İlk kez bu bayram bayramlık almaya niyetlendim kendime.
Şöyle mavi bir elbise, puantiyeli ama. Kolları da karpuz kollu olmalı ki çocukluğuma götürsün beni.
Sonra vazgeçtim.
Bazı sabahlar çocukluğumuza uyanmak isteriz, sanki gerçek olabilecekmiş gibi. Hepimizin ilginç çocukluk anıları vardır eminim.
Çoğu travmatik belki de.
Düşe kalka büyümelerimiz, hayallerimiz, umutlarımız, umutsuzluklarımız.
Her biri bir o kadar renkli, bir o kadar soluk, bir o kadar siyah beyaz.
Sonra oradan büyüyeceğiz, ilk gençlik dönemi, ilk aşk, ilk ayrılık, ilk evden kopuş, ilk maaş, ilk asgari ücretle tanışma, ilk dolgun maaş.

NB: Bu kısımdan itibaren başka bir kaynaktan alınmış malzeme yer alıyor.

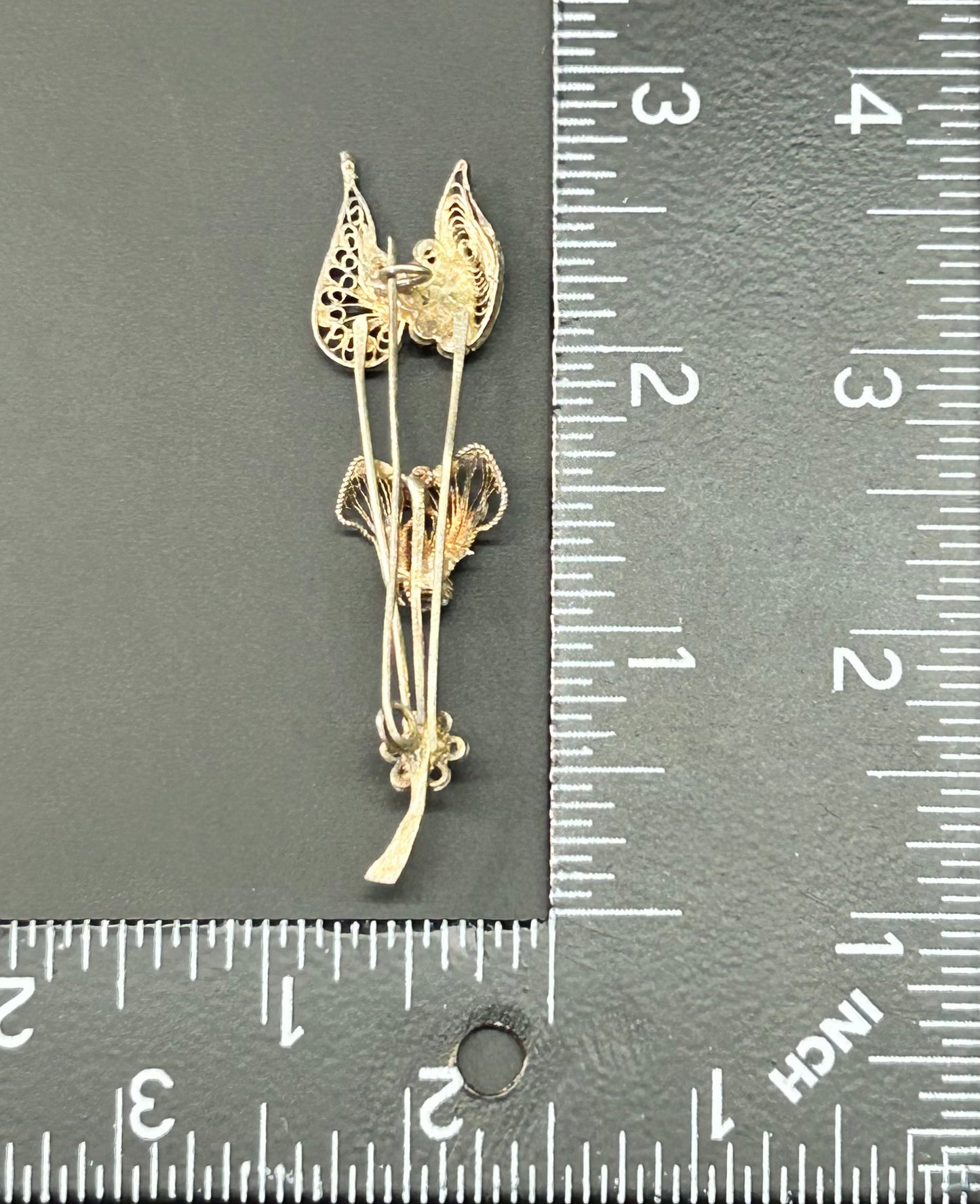 Antique Sterling Silver Filigree Brooch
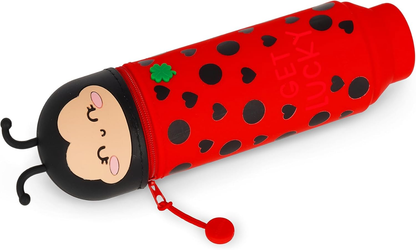 Legami Kawaii 2-in-1 Silicone Pencil Case & Desk Pen Holder – Retractable, Zip Closure, Holds 15 Pens, 21.7cm, Ladybug Design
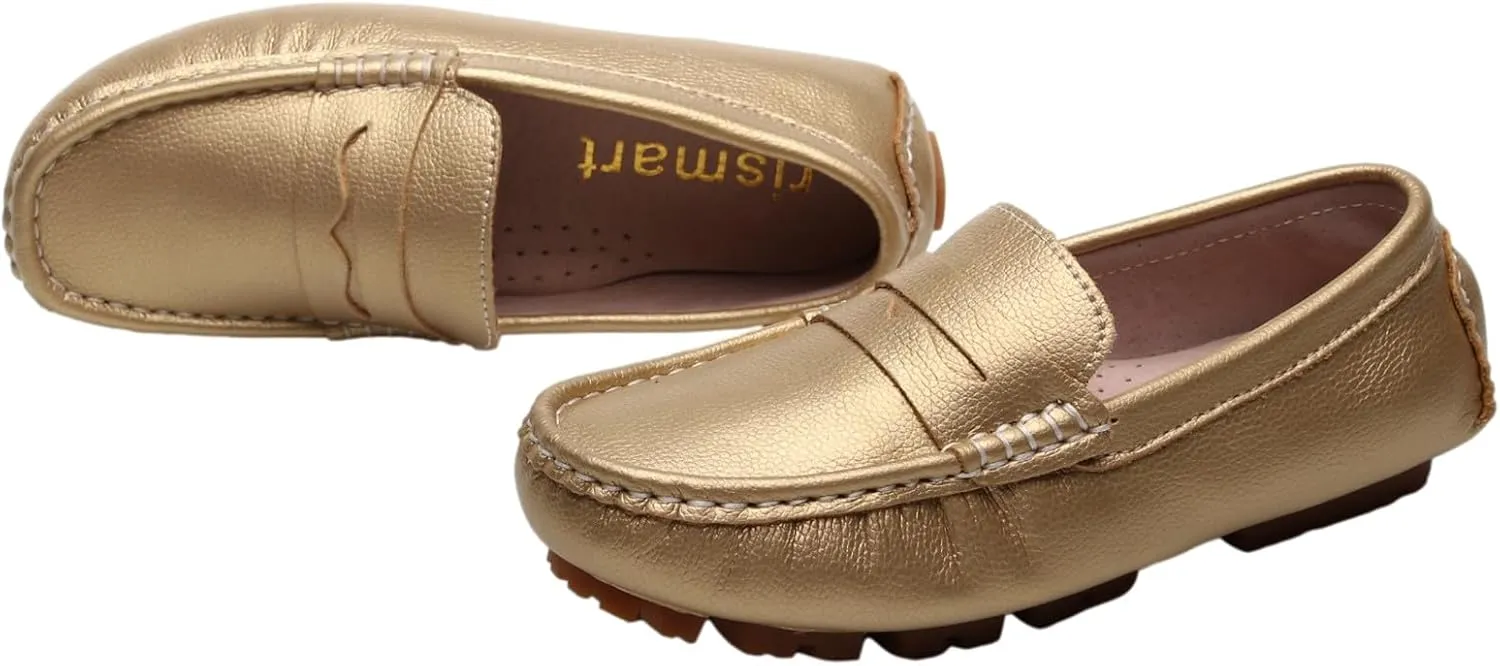 rismart Boys Girls Loafer Flats Slip-On Comfort School Casual Dress Shoes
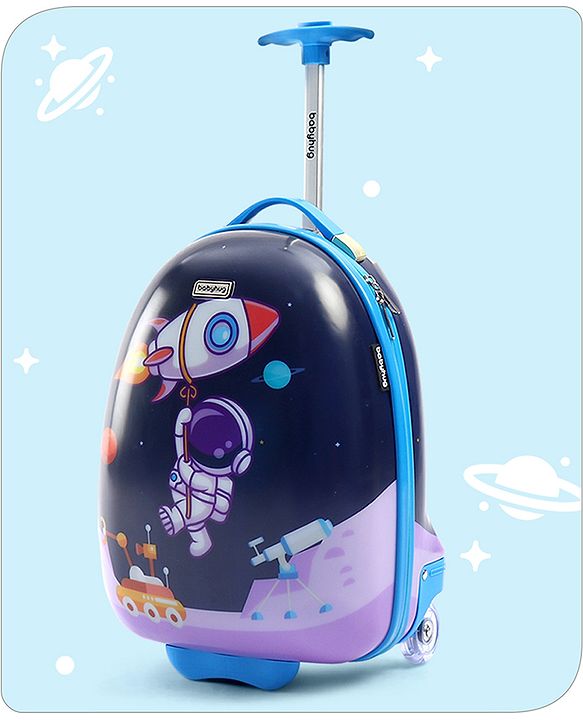 Babyhug Trolley Bag Space Theme Print Purple - 16 Inches
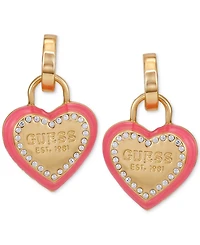 Guess Gold-Tone Pink Heart Drop Hoop Earrings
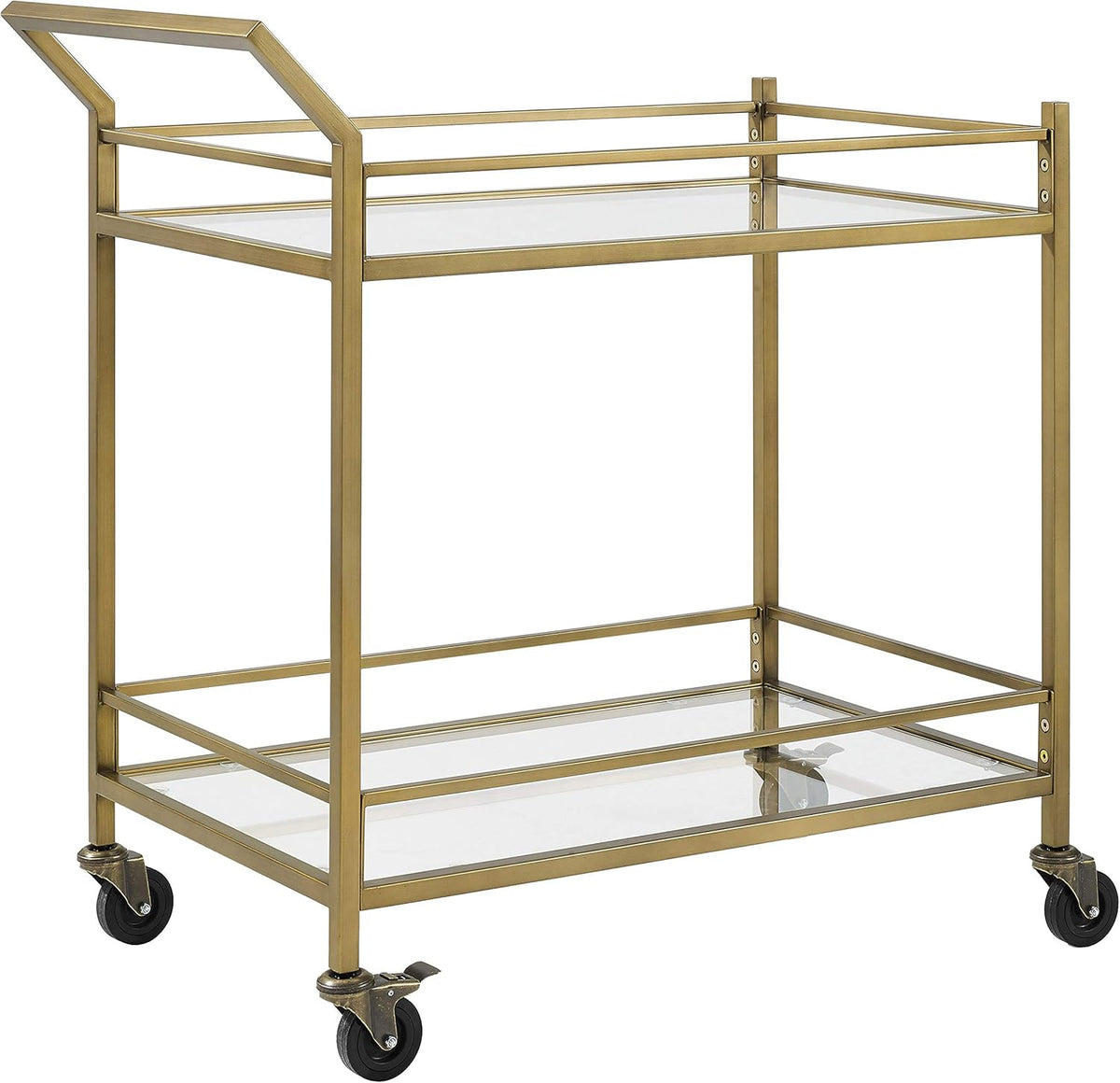 Gold and Glass Rolling Bar Cart N43281
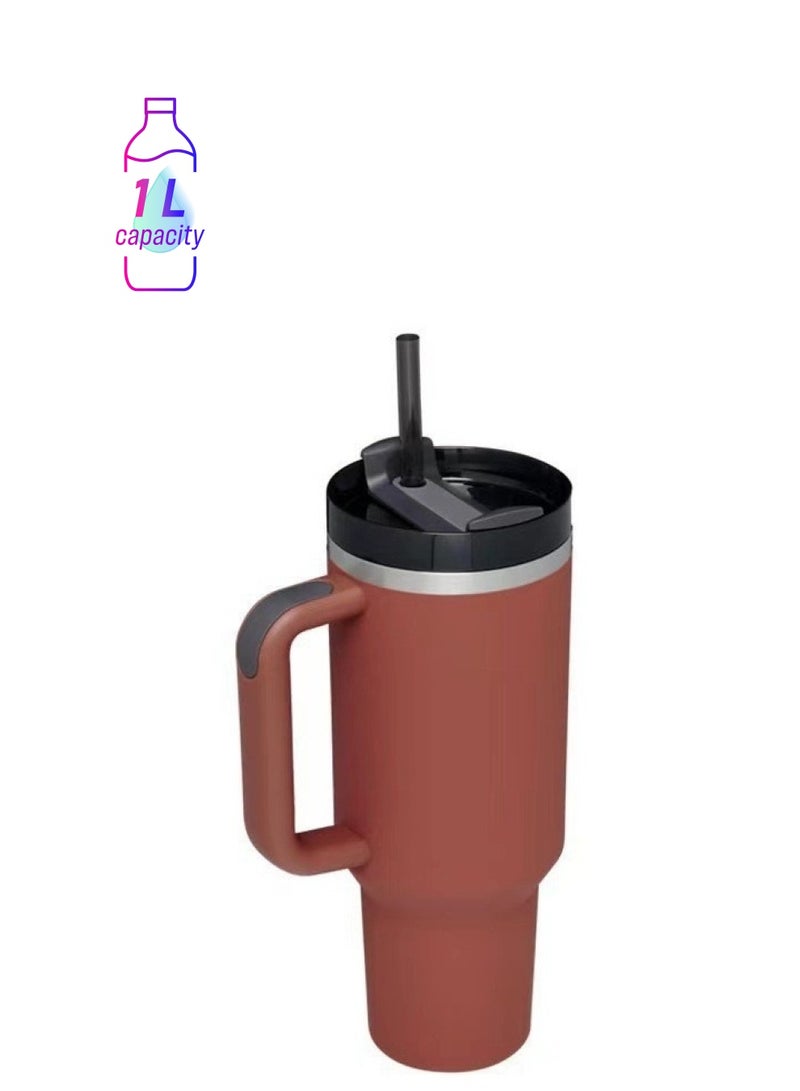40HZ Iced Coffee Cup Tumbler with Handle and Straw Insulated Stainless Steel Vacuum Cup for Hot and Cold Drinks Water Bottles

İlk ev kiralama, ilk evlilik, ilk ev kirası, ilk fatura
İlk enflasyonla tanışma, ilk kredi, ilk borç sorgulama, ilk ölmedik ama hayattayız bakışı.
İlk iki minik el, ilk bebek bezi, ilk kaka, ilk mama, ilk uykusuz gece.
İlkokul, ilk göz buğulanması, ilk bayram, ilk elinin öpülmesi...
Sonra.
Deprem...
Yıkılan evler...
Yıkılan hayatlar...
Sonrası kocamaaan bir boşluk.
Bu bayram sessizce kutlayalım bayramı ki daha fazla büyümesin depremden geride kalanların içindeki boşlukları.
Ne çok şey var konuşulacak, ne çok şey var paylaşılacak. Hiç olmadık bir yerde zaman duruverirse diye korkuyorum.
Tek korkum bu desem yalan sayılmaz.
Yol parası tomarla para, benzin hiç bir yerde gidemeyecek kadar pahalı, markete girmek cesaret işi nerdeyse biliyorsunuz.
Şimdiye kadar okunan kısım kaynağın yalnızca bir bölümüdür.